▸ **Caption-style text data**:
━━━

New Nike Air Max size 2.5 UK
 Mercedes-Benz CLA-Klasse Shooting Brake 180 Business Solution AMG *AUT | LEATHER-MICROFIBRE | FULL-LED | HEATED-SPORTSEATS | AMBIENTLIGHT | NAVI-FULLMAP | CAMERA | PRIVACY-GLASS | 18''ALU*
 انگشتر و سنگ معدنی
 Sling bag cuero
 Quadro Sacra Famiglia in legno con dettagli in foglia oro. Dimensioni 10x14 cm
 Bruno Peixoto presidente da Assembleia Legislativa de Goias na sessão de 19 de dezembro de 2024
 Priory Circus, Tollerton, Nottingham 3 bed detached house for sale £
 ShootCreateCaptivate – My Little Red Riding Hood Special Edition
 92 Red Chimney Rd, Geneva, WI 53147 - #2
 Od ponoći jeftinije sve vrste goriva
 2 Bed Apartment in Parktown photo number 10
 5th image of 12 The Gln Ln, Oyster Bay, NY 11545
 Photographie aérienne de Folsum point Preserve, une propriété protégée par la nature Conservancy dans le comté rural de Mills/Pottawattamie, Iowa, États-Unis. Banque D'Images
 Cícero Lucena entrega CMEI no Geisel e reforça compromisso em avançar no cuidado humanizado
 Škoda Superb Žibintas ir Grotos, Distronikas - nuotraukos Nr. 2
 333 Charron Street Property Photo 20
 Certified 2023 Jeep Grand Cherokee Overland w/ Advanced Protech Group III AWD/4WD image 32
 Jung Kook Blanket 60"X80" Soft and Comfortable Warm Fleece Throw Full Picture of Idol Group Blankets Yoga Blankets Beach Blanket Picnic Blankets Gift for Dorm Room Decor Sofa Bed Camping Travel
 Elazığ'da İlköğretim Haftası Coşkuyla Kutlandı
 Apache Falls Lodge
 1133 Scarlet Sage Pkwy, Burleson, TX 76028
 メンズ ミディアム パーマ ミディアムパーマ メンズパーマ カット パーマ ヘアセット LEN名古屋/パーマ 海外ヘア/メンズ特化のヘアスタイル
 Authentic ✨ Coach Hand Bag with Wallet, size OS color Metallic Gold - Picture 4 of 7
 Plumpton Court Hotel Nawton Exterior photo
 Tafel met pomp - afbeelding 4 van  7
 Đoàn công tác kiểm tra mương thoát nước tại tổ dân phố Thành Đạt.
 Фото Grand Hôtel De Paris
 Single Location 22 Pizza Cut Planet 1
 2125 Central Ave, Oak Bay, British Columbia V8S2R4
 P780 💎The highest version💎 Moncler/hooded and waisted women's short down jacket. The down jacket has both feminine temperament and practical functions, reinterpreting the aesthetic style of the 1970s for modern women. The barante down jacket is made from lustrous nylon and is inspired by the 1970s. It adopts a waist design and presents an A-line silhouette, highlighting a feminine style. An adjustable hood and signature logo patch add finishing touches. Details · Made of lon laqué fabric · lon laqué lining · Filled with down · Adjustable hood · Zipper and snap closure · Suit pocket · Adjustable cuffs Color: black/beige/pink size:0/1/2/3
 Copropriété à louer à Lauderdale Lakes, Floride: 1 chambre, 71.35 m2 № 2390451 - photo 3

━━━

▸ **Work request**: Among the entries above, the lines between the ones containing "Apache Falls Lodge" and "2125 Central Ave, Oak", inclusive, are to be transcribed exactly. No other line is to be given.

▸ **Answer area**:
 Apache Falls Lodge
 1133 Scarlet Sage Pkwy, Burleson, TX 76028
 メンズ ミディアム パーマ ミディアムパーマ メンズパーマ カット パーマ ヘアセット LEN名古屋/パーマ 海外ヘア/メンズ特化のヘアスタイル
 Authentic ✨ Coach Hand Bag with Wallet, size OS color Metallic Gold - Picture 4 of 7
 Plumpton Court Hotel Nawton Exterior photo
 Tafel met pomp - afbeelding 4 van  7
 Đoàn công tác kiểm tra mương thoát nước tại tổ dân phố Thành Đạt.
 Фото Grand Hôtel De Paris
 Single Location 22 Pizza Cut Planet 1
 2125 Central Ave, Oak Bay, British Columbia V8S2R4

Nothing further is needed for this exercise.